We encountered a few indoor spiders today, so I thought I’d stage a little beauty contest.
Contestant #1: Pholcus phalangioides, found wandering the laboratories of the University of Minnesota. Hobbies: must be biology, since she was captured working in a biology lab.
Contestant #2: Sitticus fasciger, found hopping around in my house. Hobbies: jumping, obviously.
You are the judges! Who wins your approval?
Crip Dyke, Right Reverend Feminist FuckToy of Death & Her Handmaiden says
S. fasciger, though I have to admit that shot of P. phalangioides‘s gorgeous gams probably doesn’t do justice to her face.
chigau (違う) says
How big are they?
look at those big dark eyes! And such lovely stripes. The P. phalangioide has nice legs, but seems otherwise plain.
On size (@2)…
Using poopyhead’s descriptions we can make some deductions. For instance, S. fasciger was “found hopping around in my house.” Presuming teh mad perfesser means their house in Morris (and not, e.g., one of the undersea volcano lairs), and that said house is not Tardis-like (i.e., it’s exterior dimensions are an accurate indication of its interior dimensions), we can conclude the spider is unlikely to be any larger than, say, a fully-grown bear or bison. Probably a bit smaller so it can (mostly) fit through the doorways and not knock holes in the ceiling when it jumps. Maybe as small as a Great Dane. Unless, of course, it’s extremely flexible, like a Giant Squid, or is itself Tardis-like (smaller on the outside).
P. phalangioides is harder to size. The physical constraints of a biology lab do suggest it is probably smaller than a Blue Whale, which isn’t a great deal of help as that is the largest animal. However, working in a biology lab does mean it’s been exposed to (if not actually a subject of) teh mad perfesser’s experiments. Therefore, it probably has adjustable size and feeding habits to match.
See? Science is eazy!!1!!!
Sitticus is a rather ironic name for a genus of jumping spiders. It sounds more like a spell used by Hogwarts professors on their unruly students: “Sitticus downus!”
While #1 is quite elegant, I’m most charmed by #2’s lovely fur coat.

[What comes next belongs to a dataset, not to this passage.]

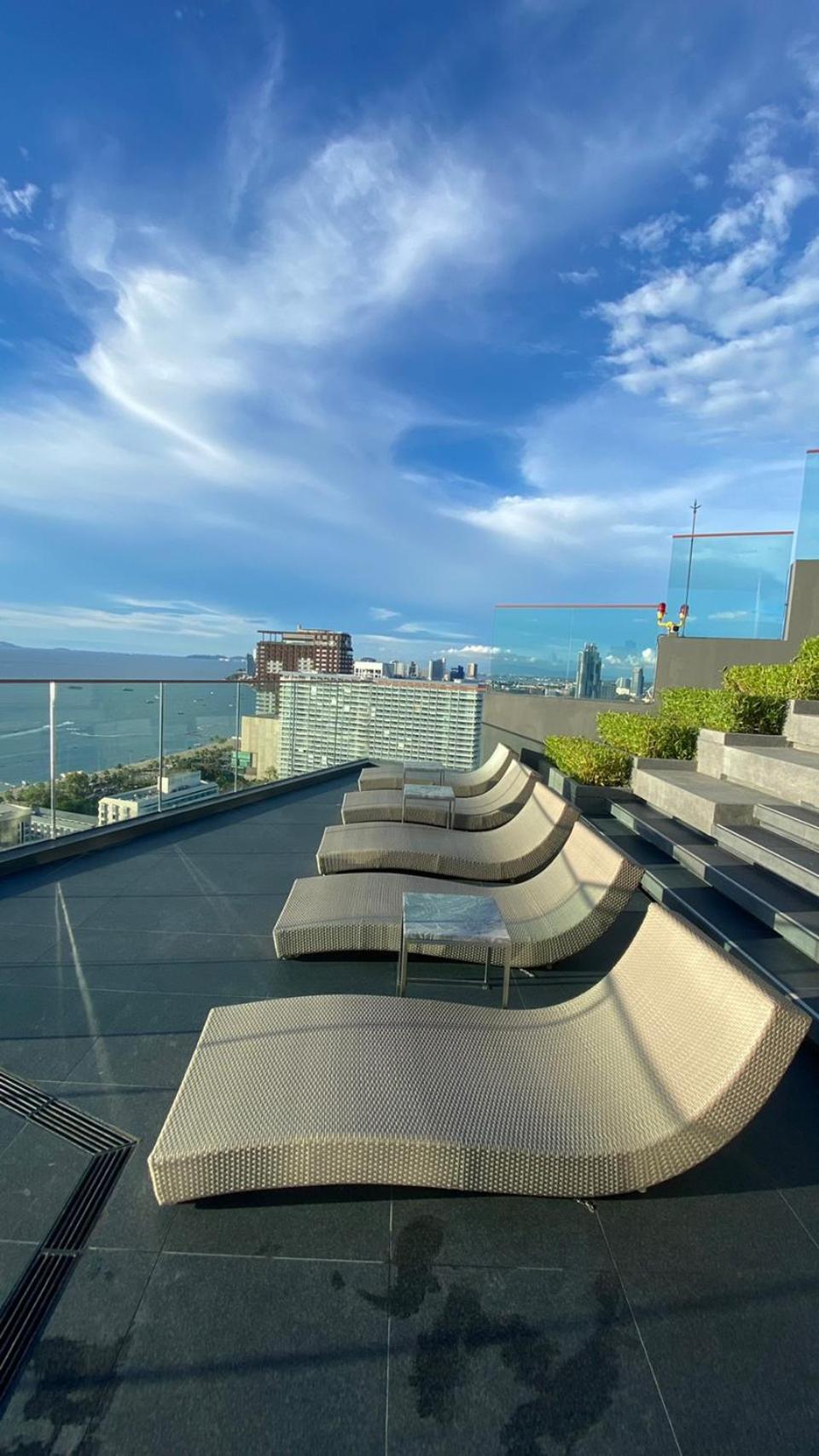 Edge Central Pattaya Seaview Residence With Infinity Pool מראה חיצוני תמונה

Sitticus fasciger.She’s fuzzy, striped, and has dark bright eyes. She looks so intelligent, and DARNED CUTE!
#1: Pholcus phalangioides. Far more elegant.
Love the long, slim legs, but will have to go with furry cuteness: Sitticus for the win. Think how it would look with bangs!
WMDKitty -- Survivor says
I vote for Sitticus. Lovely lovely little spider.

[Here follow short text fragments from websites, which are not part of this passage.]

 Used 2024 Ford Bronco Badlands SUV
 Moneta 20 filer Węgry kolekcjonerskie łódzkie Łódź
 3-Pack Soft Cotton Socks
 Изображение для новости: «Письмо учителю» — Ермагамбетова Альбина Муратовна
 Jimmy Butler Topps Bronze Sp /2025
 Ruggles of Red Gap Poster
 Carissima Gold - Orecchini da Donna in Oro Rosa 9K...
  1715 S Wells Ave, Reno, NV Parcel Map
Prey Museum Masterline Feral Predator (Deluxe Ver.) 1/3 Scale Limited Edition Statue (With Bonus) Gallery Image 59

Sitticus, definitely Sitticus.
There is something alluring about a compact, muscular woman, the kind who looks like she could snap your spine and make you happy for it. But those long, slender legs! Gotta go with Polcus.
lakitha tolbert says
I’m gonna go with Sitticus, probably because of the “Baby Yoda” cuteness factor…

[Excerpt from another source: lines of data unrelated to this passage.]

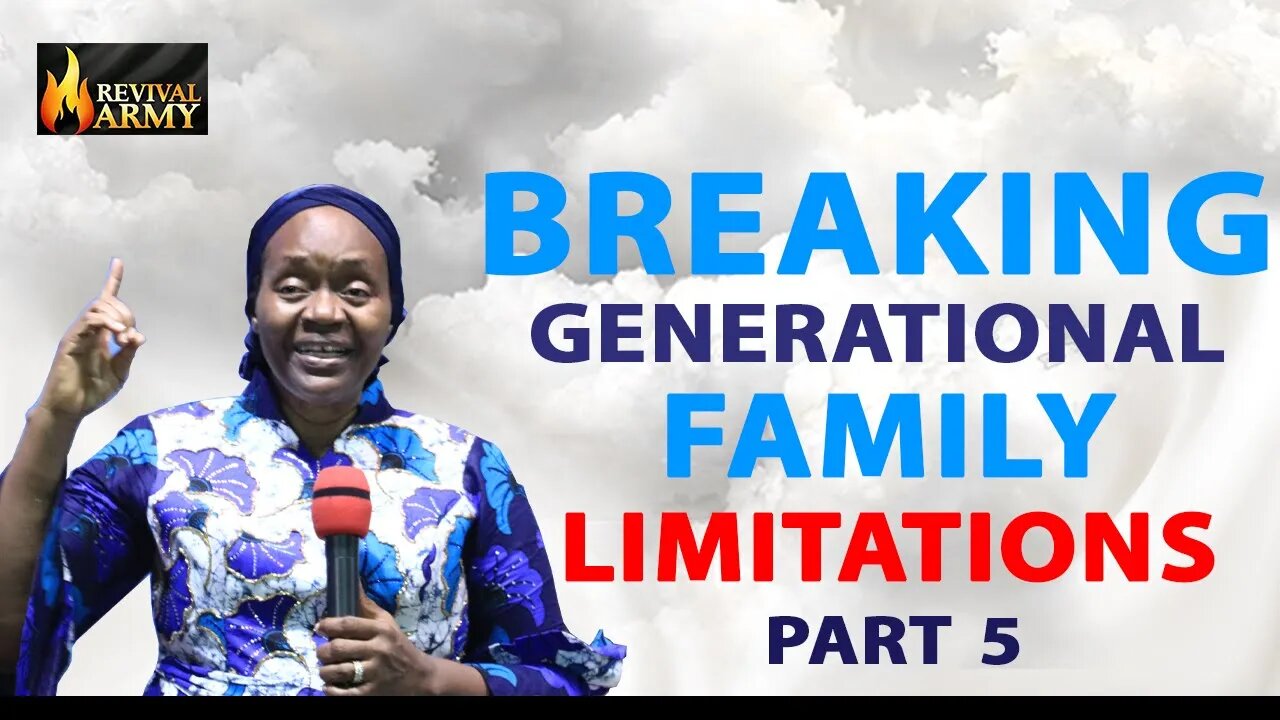 BREAKING GENERATIONAL FAMILY LIMITATIONS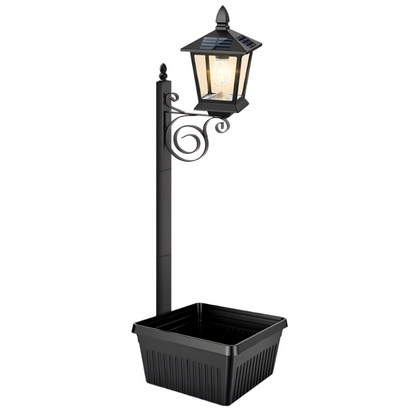 🌿☀️ Solar-Blumentopfleuchte 2-in-1 – warmweißes Licht, wetterfest für Garten & Terrasse, energiesparend, dekorativ 🌟✨ Überzeugende Optik & Funktion – perfekt für den Eingangsbereich – jetzt entdecken!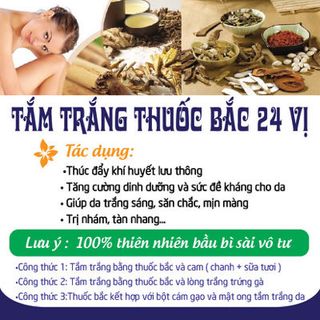 BỘT THUỐC BẮC 24 Vị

OT but just in case of medical emergencies Giant Cockroach Operation Pregnancy. With any luck the medical team can scale down to spider size.
Phrenomythic Productions says
I’ve always loved jumping spiders. I remember as a kid being fascinated by the zebra back spiders crawling around the walls in the garden and couldn’t keep my eyes off them. The best part: They regularly looked back at me with their adorable big little eyes! ❤️
Phrenomythic Productions says
So, yeah: Sitticus fasciger! I choose you!!!!
With love to my old beloved Salticus scenicus…
I really get a kick out of Bears. So the fluffy hairy one wins it for me.
PZ Myers says
One little surprise: I submit wild-caught spiders to iNaturalist, and that was the first recorded observation of Pholcus phalangioides in Stevens county. I get these kinds of unexpected distinctions all the time, because spider hunters are rare.